[Work request]
Would you return the listing that follows exactly, leaving its pictures behind?

[Given information]

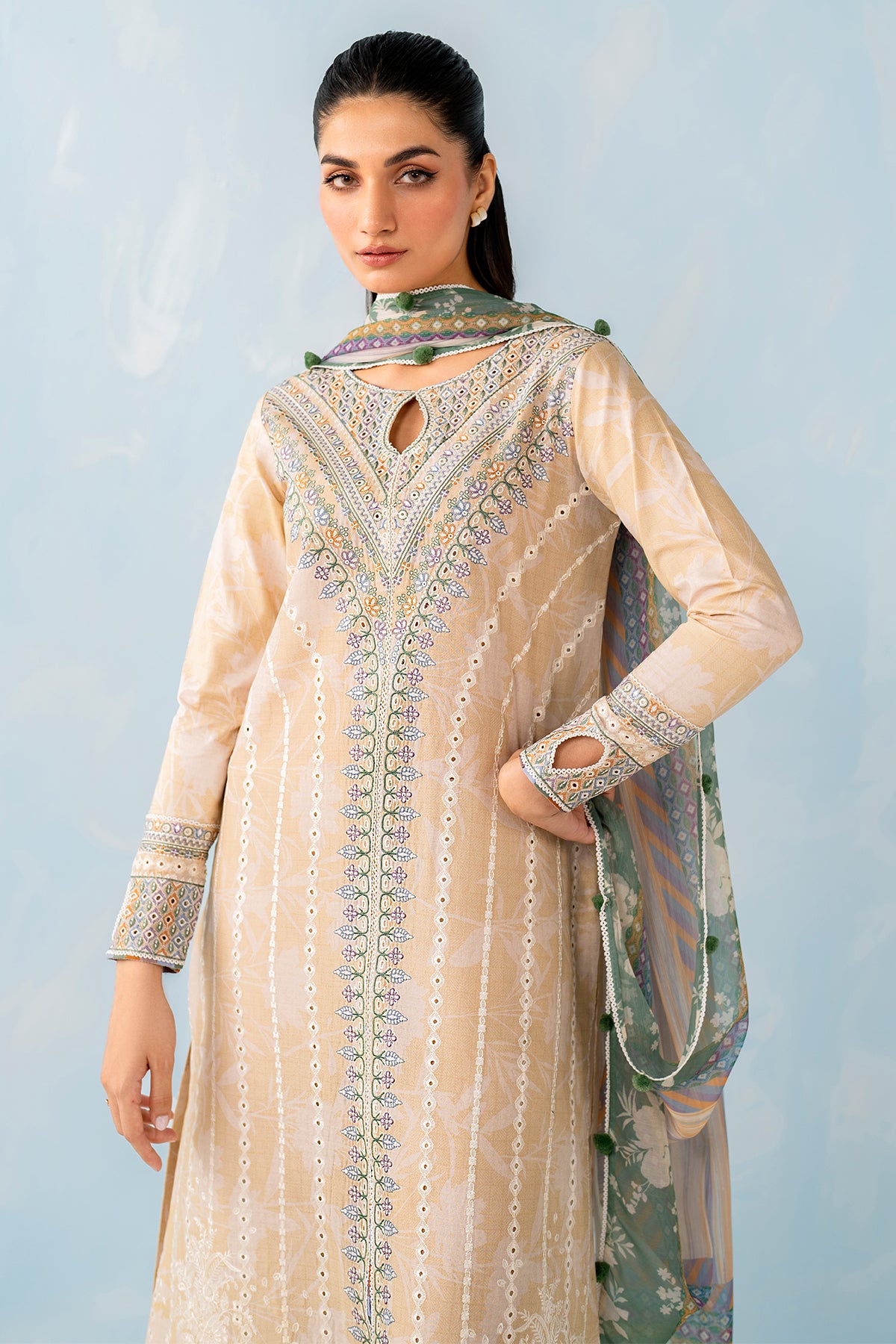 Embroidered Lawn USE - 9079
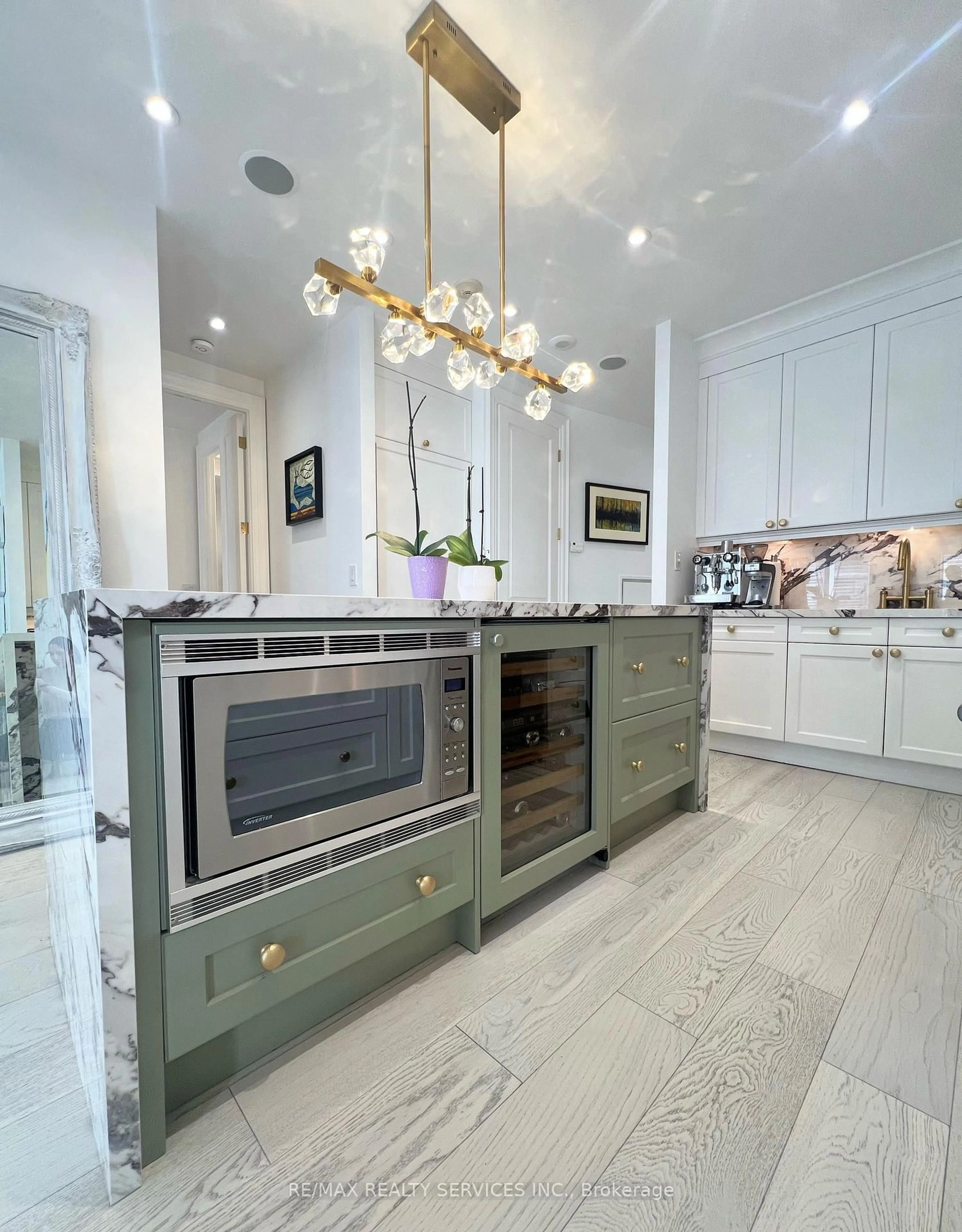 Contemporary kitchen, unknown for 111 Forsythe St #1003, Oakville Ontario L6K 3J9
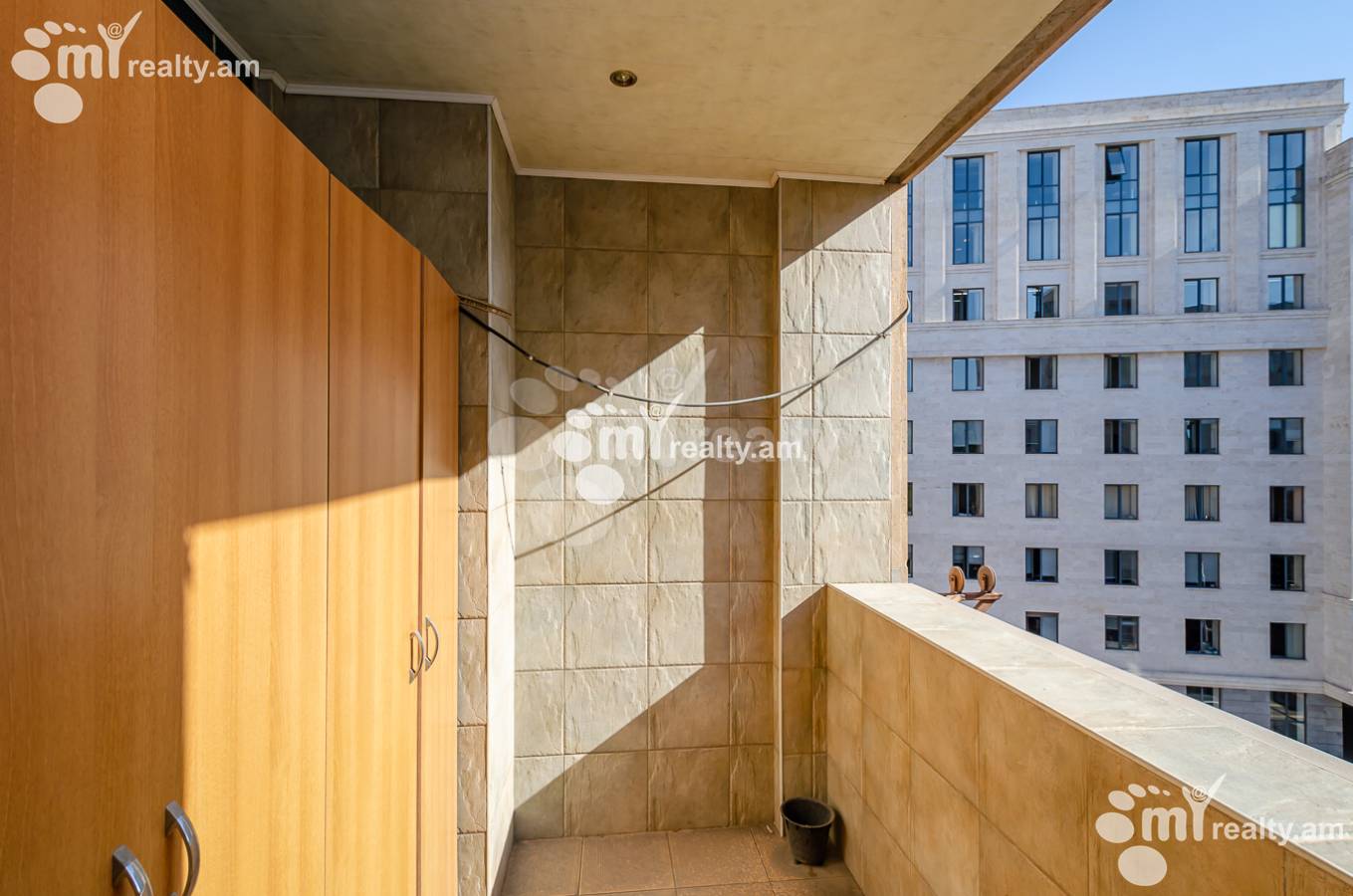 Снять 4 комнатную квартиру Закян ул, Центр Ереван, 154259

[Output]
 Embroidered Lawn USE - 9079
 Contemporary kitchen, unknown for 111 Forsythe St #1003, Oakville Ontario L6K 3J9
 Снять 4 комнатную квартиру Закян ул, Центр Ереван, 154259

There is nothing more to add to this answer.